Z : 'Anwesha, I want to organize Rootconf Hyderabad all by yourself, you must be doing with no or minimum help from me.'
A: "Ummm hmmm ooops"
Z: 'Do not worry, I will be there to guide you. We will have our test run with you in Pune. So buck up, girl.'

Rootconf Hyderabad, the conference

The preparation for Rootconf Hyderabad started with them. After months of the editorial process - scouting for the proposals, reviewing them, having several rehearsals, and after passing the iron test in Pune, I reached Hyderabad to join my colleague Mak. Mak runs the sales at Hasgeek. With the camera, we had our excellent AV captain Amogh. So I was utterly secured and not worried about those two aspects.

A day before the conference Damini, our emcee, and I chalked out the plans for navigating the schedule and coordinating the conference. We met the volunteers at the venue after a humongous lunch with Hyderabadi deliciously (honest confession: food is the primary reason why I love to attend the conference in Hyderabad). We have several call volunteers in which our volunteer coordinator Jyotsna briefed them the duties. But it is always essential to make the volunteers introduced with the ground reality. We had a meet up at Thought Works.
The day of the conference starts early, much too early for the organizers and volunteers. Rootconf Hyderabad was no different. We opened the registration, and people started flocking in the auditorium. I opened the conference by addressing -

  • What is Rootconf?
  • The journey of Rootconf.
  • Why we need several editions of Rootconf in different geographical locations all across India?

Then our emcee Damini took over. The first half of our schedule designed keeping the problems of large scale infrastructure in mind, like observability, maintainability, scalability, performance, taming the large systems, and networking issues. Piyush started our first speaker gave a talk on Observability and control theory. Next was Flipkart's journey of "Fast object distribution using P2P" by Ankur Jain. After a quick beverage break, Anubhav Mishra shared his take on "Taming infrastructure workflow at scale", the story of Hashicorp Followed by Tasdik Rahman and his story of "Achieving repeatable, extensible and self serve infrastructure" at Gojek."

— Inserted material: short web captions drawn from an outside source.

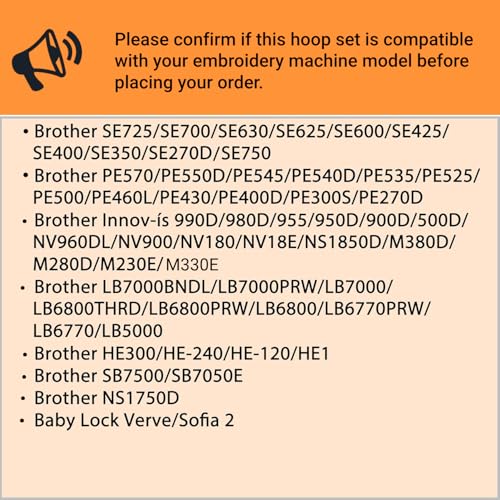 Sew Tech Embroidery Hoops 3in1 Set for Brother and Babylock L645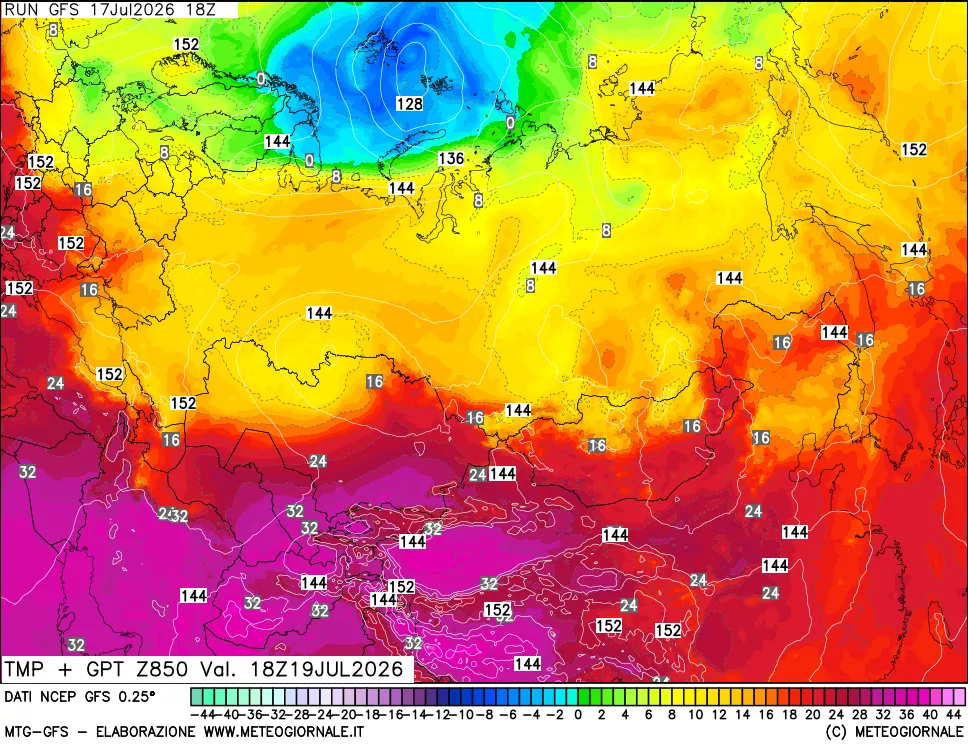 mappa 850 hPa Temp + GPT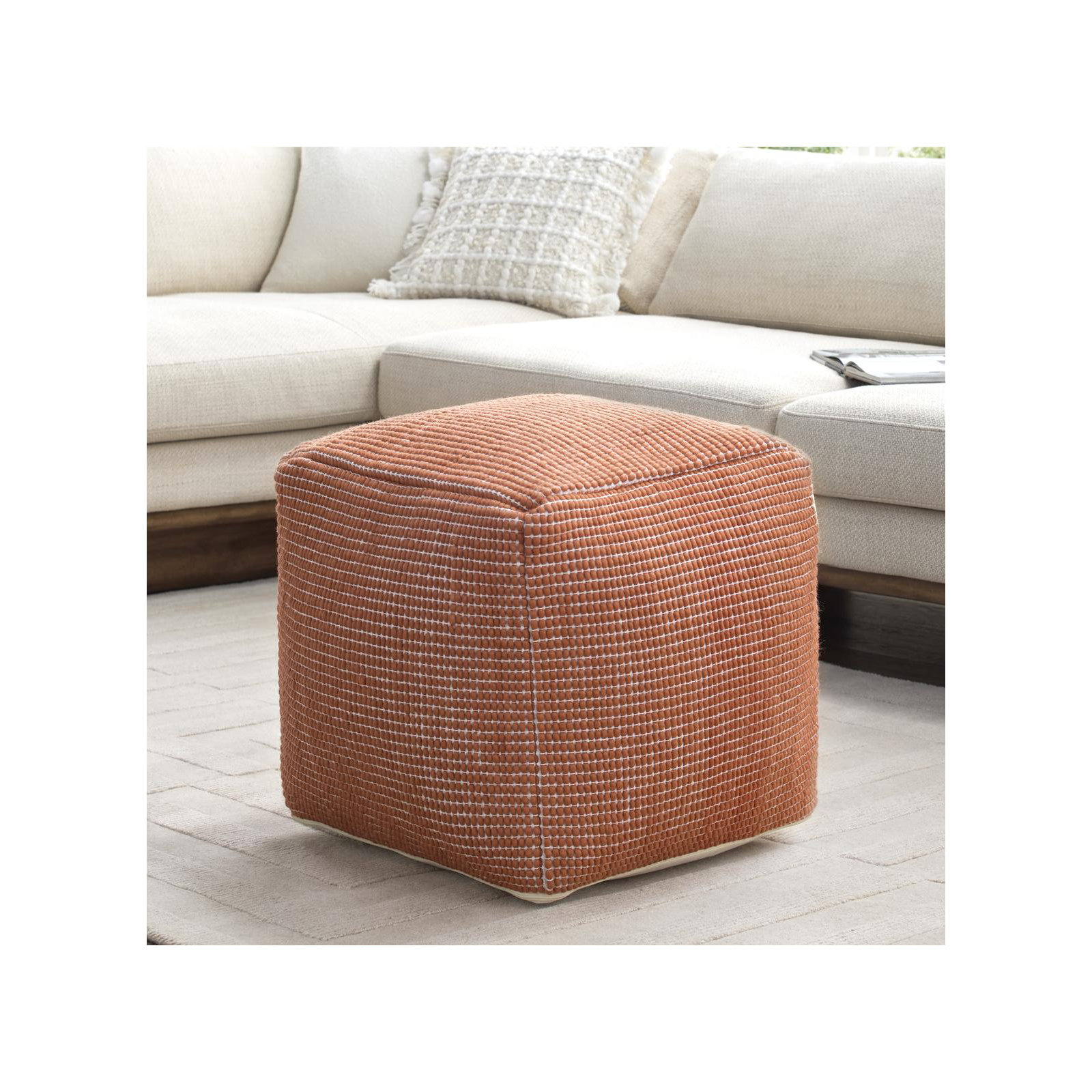 Waverly Woven Wool Blend Pouf with Removable Cover , Orange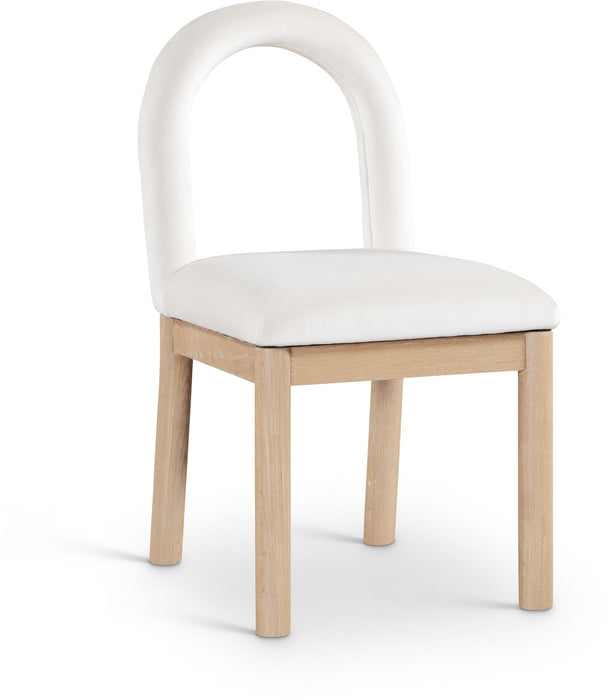 Conrad - Velvet Dining Chair With Natural Legs Meridian Furniture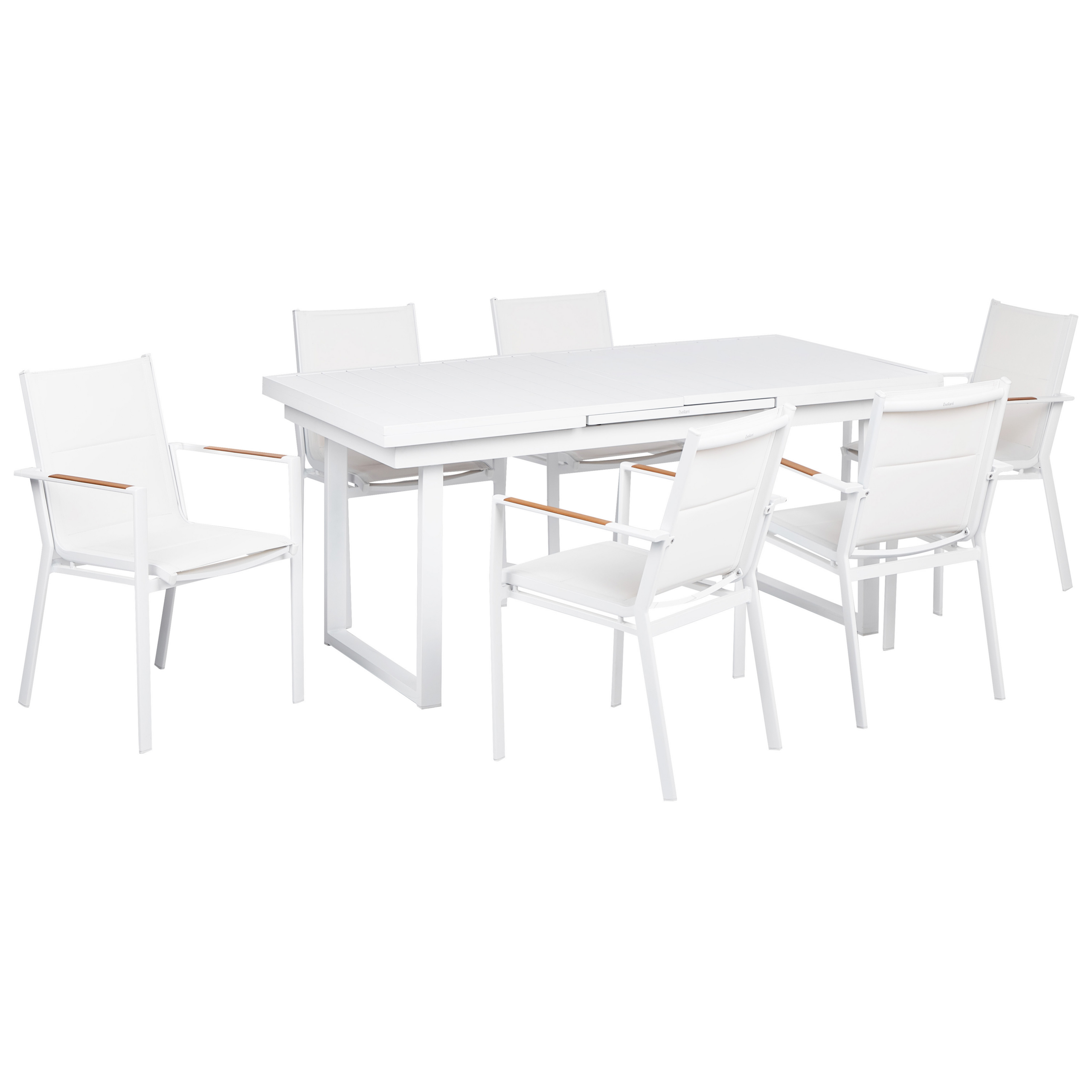 Tavolo da pranzo design rotondo allungabile bianco e legno L120-150 LEENA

The next half of the day planned to address the issues shared with infrastructure despite size or complexity. Like - Security, DevOpSec, scaling, and of course, microservices (an infrastructure conference seems incomplete without the discussion around monolith to microservices). Our very own security expert Lavakumar started it with "Deploying and managing CSP: the browser-side firewall", describing the security complexities post mege cart attack days. Jambunathan shared the tale of "Designing microservices around your data design” . For the last talk of the day, we had Gaurav Kamboj. He told us what happens with the system engineers at Hotstar when Virat Kohli is batting on his 90s, in "Scaling hotstar.com for 25 million concurrent viewers"
Birds of a Feather (BOF) session has always been a favorite at Rootconf. These non-recorded sessions give the participants a chance, to be frank. We have facilitators to progress the discussion and not presenters. While we had talks going on in the main audi, there are dedicated BOF area where we had sessions on

  • AI Ops facilitated by Jayesh Bapu Ahire and Jambunathan Valady,
  • Infrastructure as Code facilitated by Anubhav Mishra, Tasdik Rahman
  • Observability by Gaurav.

This was the first time gauging the popularity of the BOFs we tried something new. We had a BOF session planned at the primary audi. It was on "Doing DevSecOps in your organization," aided by Lava and Hari. It was one session in which our emcee Damini had a difficult time to end. People had so many stories to share questions to ask, but there was no time. I also got some angry looks (which I do not mind at all) :).

In India, I have noticed that most of the conferences fail to have good/up to the mark flash talks. Invariably they have community information, conference, or meetup notifications (the writer is guilty of doing it). So I proposed that why can not we accept proposals for flash talks as well. Half of them are pre-selected and rest selected on the spot. Zainab agreed to it. Now we are following this rule since Rootconf Pune, and the quality of the flash talks has improved a lot. We had some fantastic flash talks. You can check it for yourself at https://www.youtube.com/watch?v=AlREWUAEMVk.

Thank you

Organizing a conference is not a person's job. In an extensive infrastructure, it is the small tools, microservices that keeps an extensive system working. Consider conference as a system, tasks as microservices. It requires each task to be perfect for the conference to be successful and flawless. And I am blessed to have an amazing team. Each amazing volunteers, the Null Hyderabad, Mozilla, AWS community, our emcee Damini, Hall manager Geetanjali, Speakers, Sponsors, attendees, and my team HasGeek. Last but not least, thank you, Zainab, for trusting me, being by my side, and not letting me fall.

The experience

Organizing a conference has been the journey of estrogen and adrenaline overflow for me. Be it getting into nightmares the excitement of each ticket sales, the long chats with the reviewers about talks, BOFs, discussion with the communities what they want from Rootconf, jitters before the conference starts or tweets, a blog post from the people that they enjoyed the conference was useful for them. It was an exciting, scary, happy, and satisfying journey for me. And guess what, my life continues to be so as Rootconf is ready with it's Delhi edition. I hope to meet you there.